The Samsung Galaxy S26 Ultra introduces incremental enhancements over its predecessor, including a privacy-focused display and improved camera apertures, according to an Engadget review. Priced at $1,300, the device maintains a familiar design while boosting performance and AI capabilities. These changes position it as a refined flagship without major overhauls.
Samsung's Galaxy S26 Ultra, reviewed by Engadget on March 5, 2026, retains the blocky silhouette and rear camera layout of its recent predecessors, but incorporates understated improvements that enhance its value. The phone reverts to an aluminum frame from titanium, aiding color-matching with Corning Gorilla Armor 2 glass, and is slightly lighter at 214 grams and thinner at 7.9 millimeters compared to the S25 Ultra's 218 grams and 8.2 millimeters. The S Pen stylus remains unchanged, though its insertion now aligns with the device's more rounded corners.
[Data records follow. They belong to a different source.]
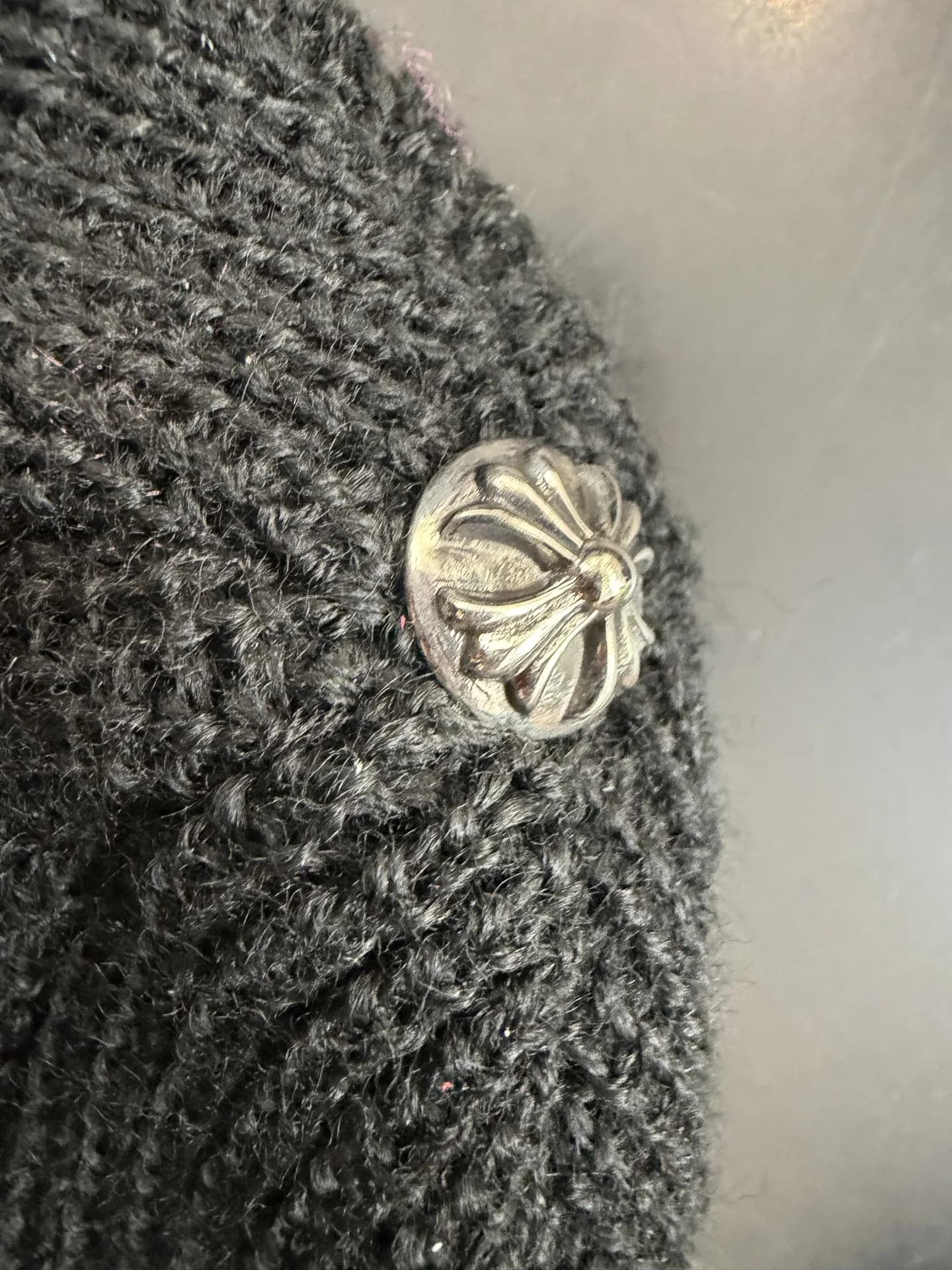 Серебряная деталь в виде креста на макушке шапки Chrome Hearts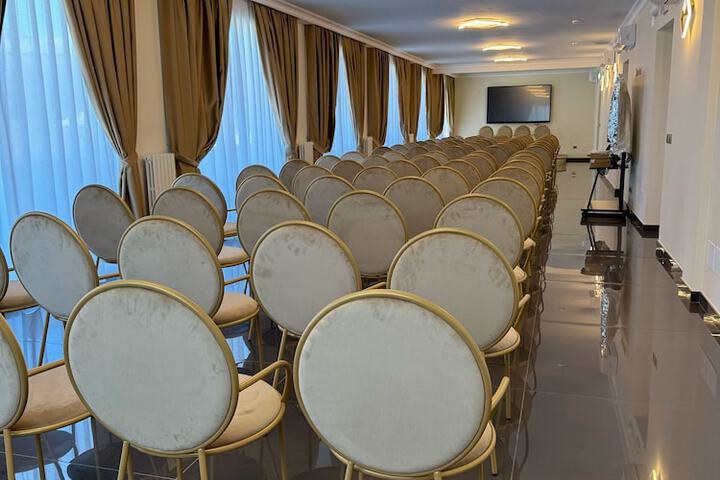 Business Center 16 of 19
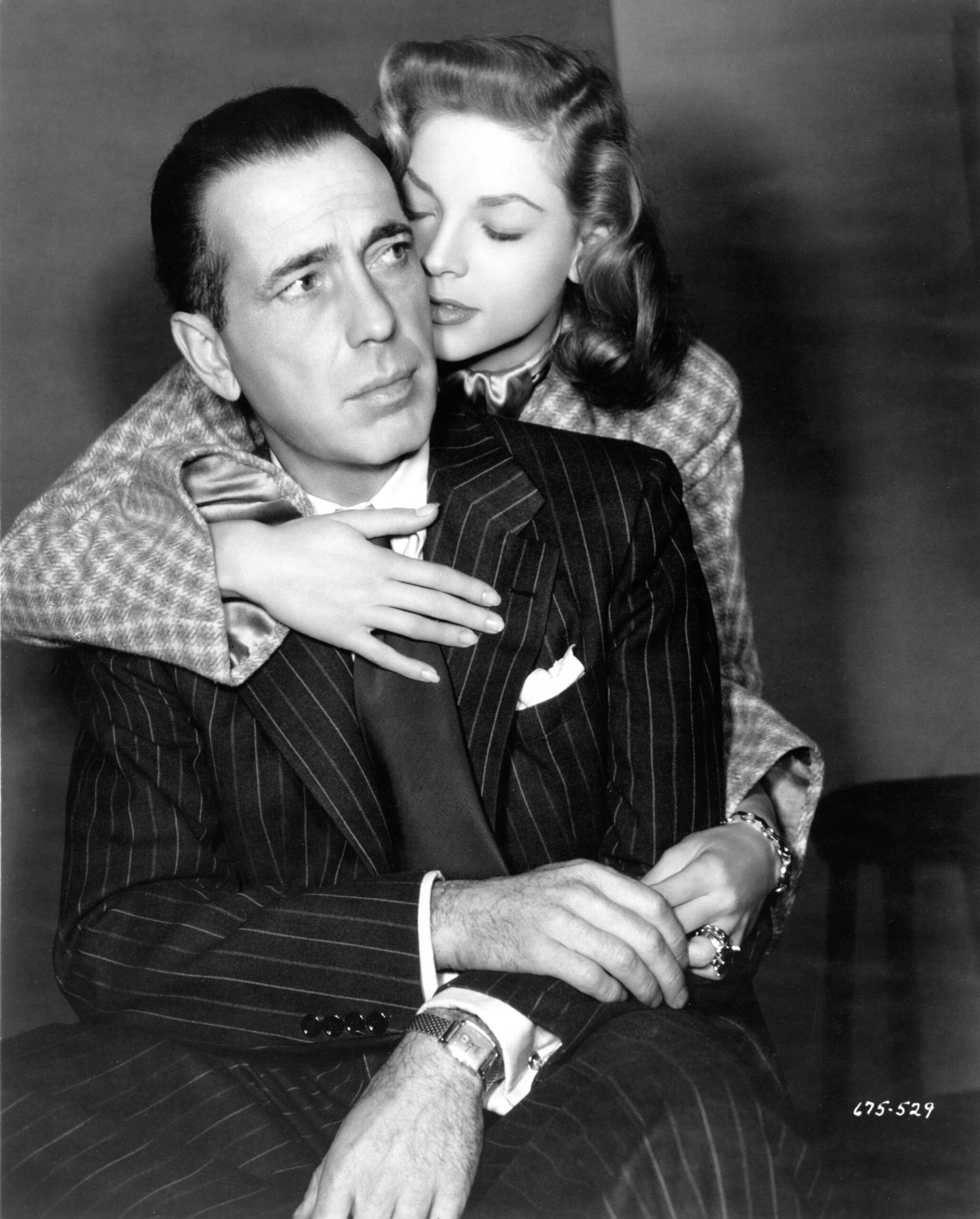 Redécouvrir Humphrey Bogart : Les Histoires Inédites de la Vie Privée Tumultueuse d’une Icône d’Hollywood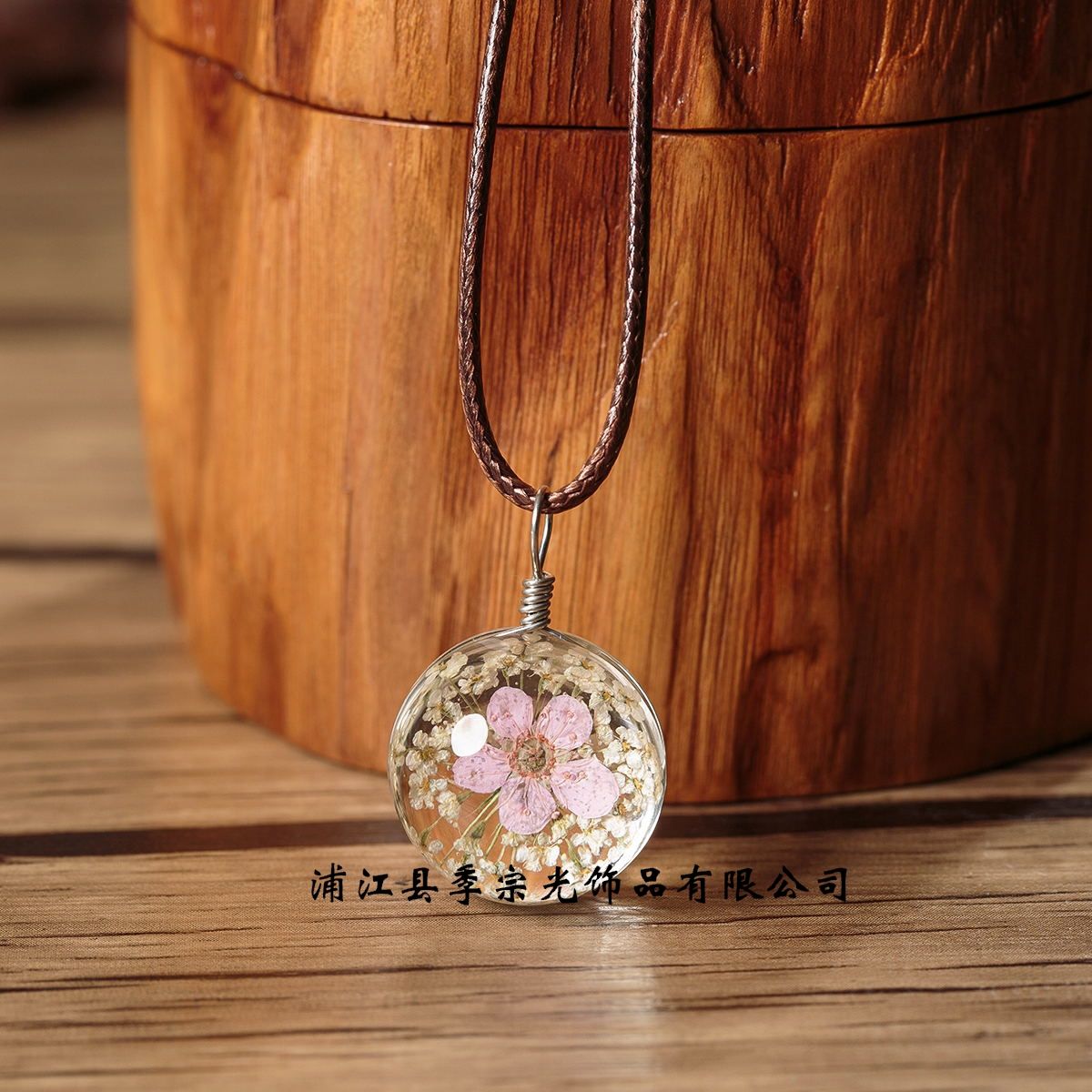The genuine dried flower narcissus and lace flower necklace is a must-have DIY product that is sold directly by the factory. It's incredibly charming Item Picture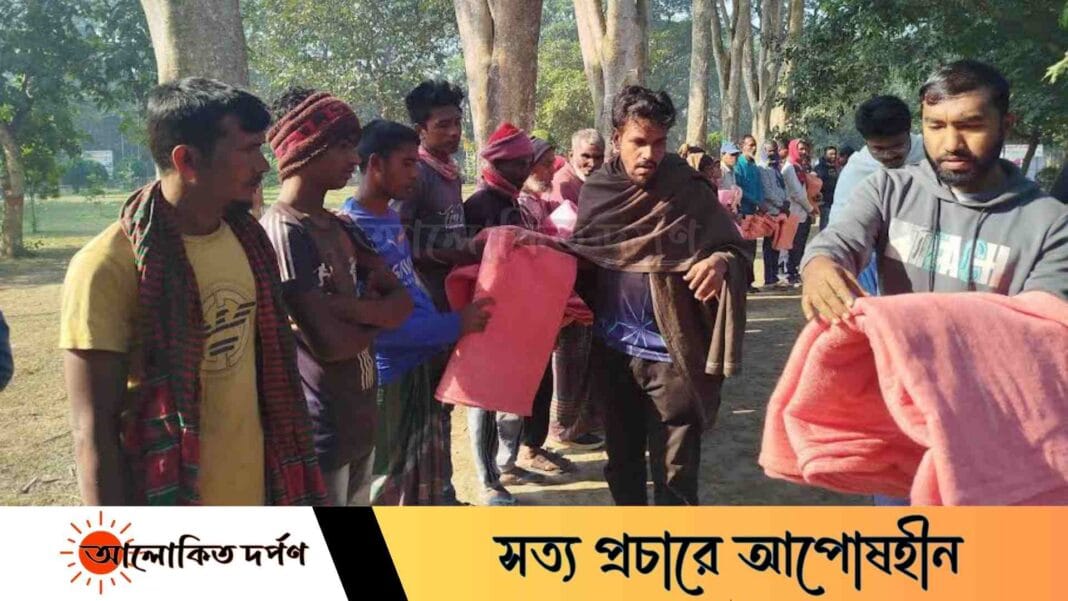শীতার্তদের পাশে ইবির বৈষম্যবিরোধী ছাত্র আন্দোলন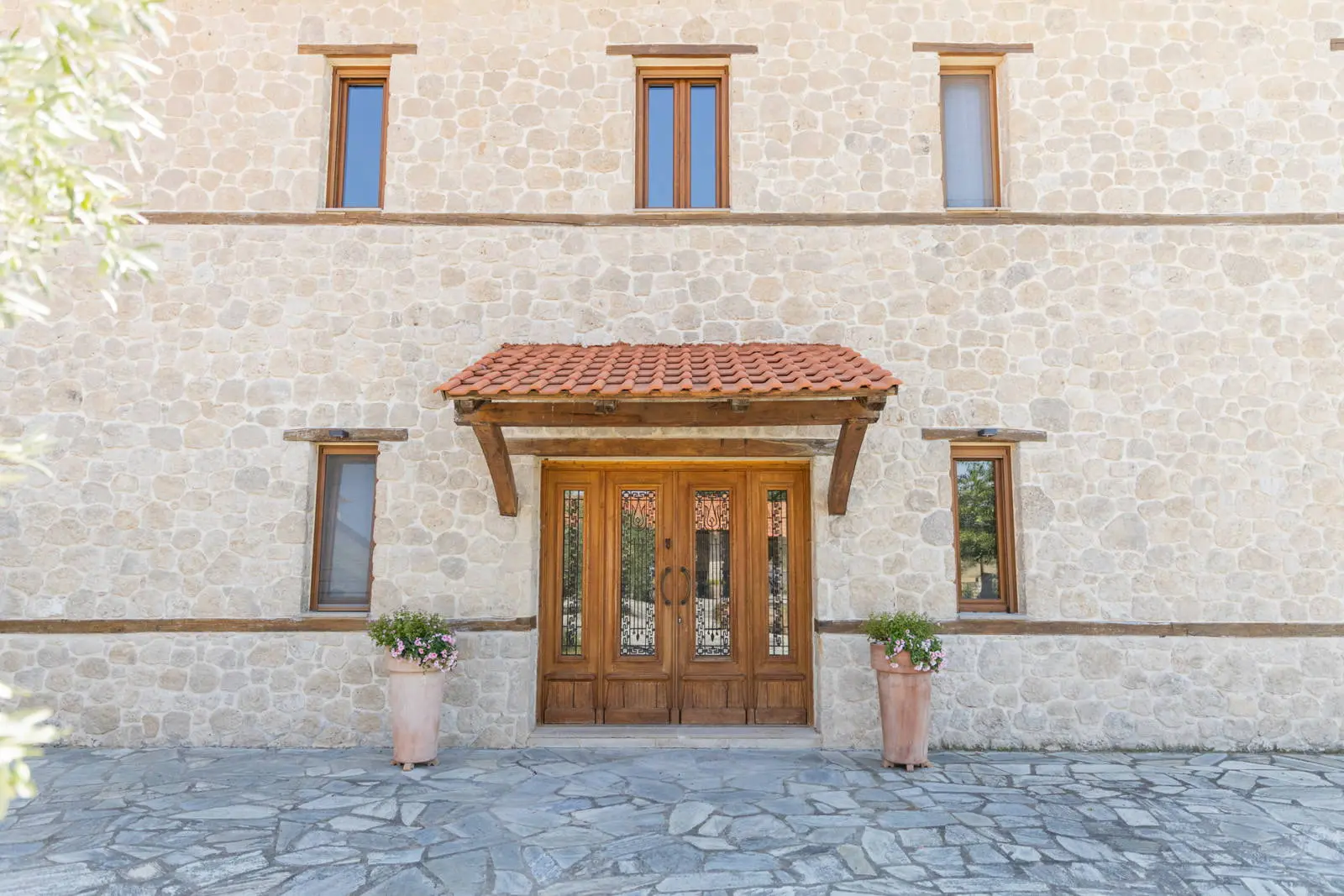 Unique estate only 35km from the center of Thessaloniki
A standout feature is the 6.9-inch display, which matches last year's specs—2,600 nits peak brightness, 120Hz refresh rate, and 3,120 x 1,440 resolution—but adds a Privacy Display mode. This dims the screen when viewed from angles, using dual subpixel sets to obscure content, with options for standard, maximum protection, or automatic activation during notifications, app use, or lock screen prompts. The reviewer notes minimal impact on image quality in standard mode, making it practical for preventing shoulder-surfing.
Powered by the Snapdragon 8 Elite Gen 5 chip, the S26 Ultra offers 12GB or 16GB RAM and up to 1TB storage. Its NPU sees a 39 percent performance boost for AI tasks, with CPU up 19 percent and GPU 24 percent, yielding Geekbench 6 scores of 11,240 multi-core and 25,403 GPU—improvements over the S25 Ultra. New AI tools include an expanded Photo Assist for editing and generation via text prompts, Creative Studio for digital art, enhanced document scanning, call screening, and contextual photo suggestions via Now Nudge. Automated App Actions, another AI feature, launches soon.
Camera hardware is unchanged, but apertures widen to f/1.4 on the 200MP main sensor and f/2.9 on the 50MP 5x telephoto, improving low-light shots alongside the 10MP 3x, 50MP ultrawide, and 12MP selfie cameras. Battery life holds at 5,000mAh, lasting 30 hours and three minutes in video tests—30 minutes more than before—supported by 60W wired and 25W wireless charging. Drawbacks include the lack of a built-in Qi2 magnetic ring and persistent high cost.
Overall, the S26 Ultra excels in performance, battery endurance, and subtle refinements like better night photography, but feels evolutionary rather than revolutionary for recent upgraders.